The answer was: not enough. The AI workshops provided by the school are poorly advertised, resulting in a lack of student and faculty attendance. For example, a College of Professional Studies (CPS) workshop named “Level Up your AI Skills: AI in Professional Practice Badge”, only had 150 students attend out of the approximately 6,000 students enrolled at CPS. Instead, the only AI skills we are gaining is how not to get caught using it.
Northeastern prides itself on being experience-focused to prepare us for our futures, yet the very tool reshaping our future is still treated like a taboo in the classroom.
This isn’t the AI fluency that our generation needs. It is AI anxiety.
Right now, classrooms are built on assumptions that students are cheating unless proven otherwise. Students aren’t learning how to use AI; they are learning to mask the use of it.
A 2024 report from the Center for Democracy & Technology found that the AI-detection tools widely used in classrooms “are not consistently effective at differentiating between AI-generated and human-written text.” When a false positive means failing a class, or getting a bad reputation, nothing about this system makes sense.

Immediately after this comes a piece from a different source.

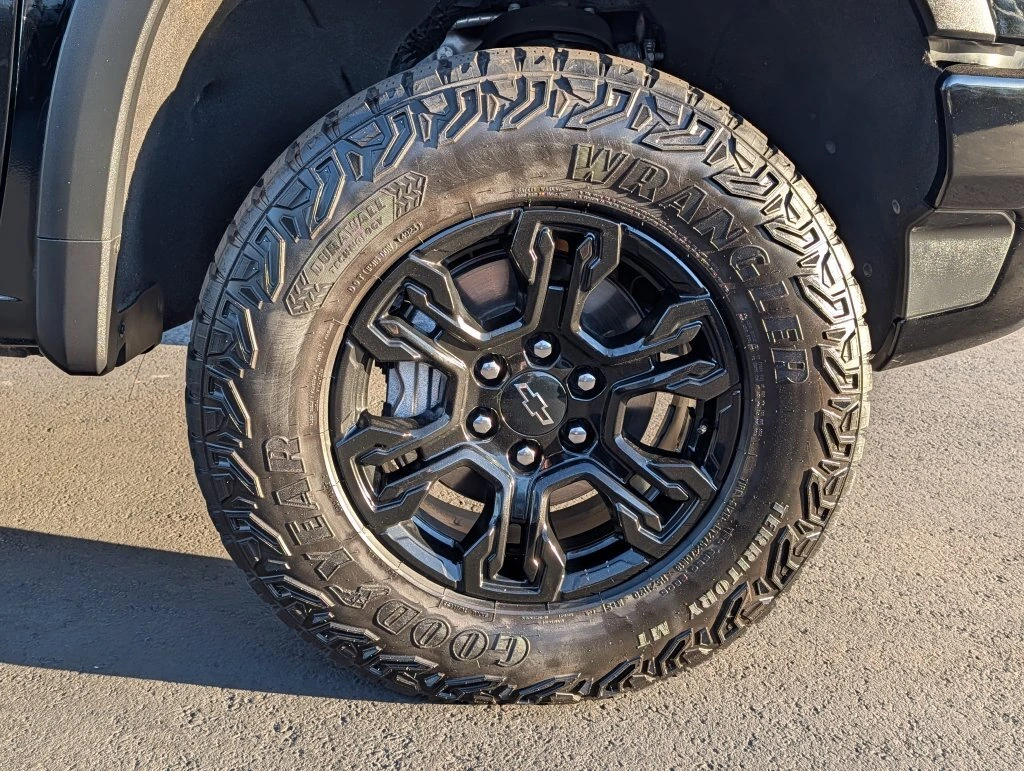 2024 Chevrolet Silverado 1500 ZR2 - Photo 8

AI is here to stay. Embracing it is our way forward. This requires understanding AI’s strengths and limitations so it can be used to enhance human skills. In a time where AI distrust leads professors to use largely inaccurate AI detectors, learning how to collaborate with AI and see it not as a danger but a useful resource is key to this new education system.
The first problem isn’t AI: It is fear.
A local high school English teacher argues that AI makes students dishonest, and that AI can enable cheating or surface-level thinking.

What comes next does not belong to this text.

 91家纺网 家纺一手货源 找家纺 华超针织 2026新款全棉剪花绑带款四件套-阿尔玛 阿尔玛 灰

But in a Georgetown University dissertation examining AI use across 3,000 classes at the University of Texas at Austin between 2021 and 2025, researchers found that “AI-generated assignments can match or exceed the typical quality of undergraduate work.” If students have access to a tool that can produce comparable work in far less time, the temptation to rely on it without thinking is obvious.
Research shows that misuse happens under a specific condition: when people aren’t trained. When AI is banned, students continue to use it poorly — copying prompts and responses without evaluation. In contrast, when it is taught and embedded in the classroom, students think critically, assess the response, compare results and draw their own conclusions. This transparency reduces academic dishonesty, as students feel more comfortable discussing AI use with educators. Supporting this, Amy Schumacher-Rutherford, a professor at the University of Mississippi, found that openly discussing and practicing responsible AI use resulted in significant increases in confidence, effectiveness and workforce preparedness.
Fear drives restrictive behaviors. Without dedicating time to address this issue, the cycle of distrust will continue.
The real world isn’t scared of working with AI. Employers aren’t banning AI; they expect that you use it. As Harvard researcher Chris Dede put it, “If someone comes in with something that isn’t any better than Chat AI, they’re not going to get hired, because why hire somebody that can’t outcompete a free resource?”
The more AI advances, the more actual human skills, like critical thinking, creativity and reasoning, become the differentiators. Universities should be preparing us for this reality.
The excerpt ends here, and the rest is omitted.